Rudi Fußi: Ein Anti-Babler mit „Cojones“?
Rudi Fußi steht im dunkelblauen Anzug zwischen zwei vertrockneten Zimmerpflanzen und gibt sich staatstragend. Hinter ihm leuchtet ein großer LED-Bildschirm: „Neue Rote braucht das Land“. Vor ihm reihen Journalistinnen und Journalisten, die gut zwei Stunden auf ihn gewartet haben. Aufgrund der Ansprache von Bundespräsident Van der Bellen musste Fußi seine offizielle Ankündigung, für den SPÖ-Parteivorsitz kandidieren zu wollen, ein wenig nach hinten verschieben.

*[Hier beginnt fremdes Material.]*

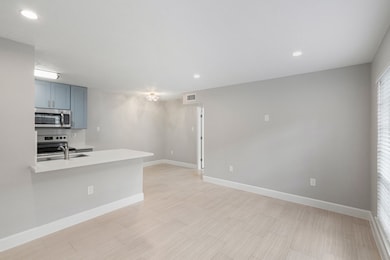 2101 Fountain View Dr unit 46, Houston, TX 77057 - photo 3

Aber jetzt hat er es endlich gesagt: Der PR-Berater will SPÖ-Chef werden. „Der Zustand meiner Partei ist noch erbärmlicher als der Zustand der Republik“, erklärt er.
In einer anschließenden 40-minütigen Rede erwähnt er brav Viktor Adler, Bruno Kreisky, Karl Seitz und Alfred Gusenbauer, betont die Wichtigkeit des politischen Miteinanders und die Notwendigkeit eines Aufbruchs in der Sozialdemokratie: „Unser Problem ist, dass sich die politische Klasse von der Bevölkerung komplett entkoppelt hat.“ Er sei nun ein Angebot an die Mitglieder der SPÖ, daran etwas zu ändern.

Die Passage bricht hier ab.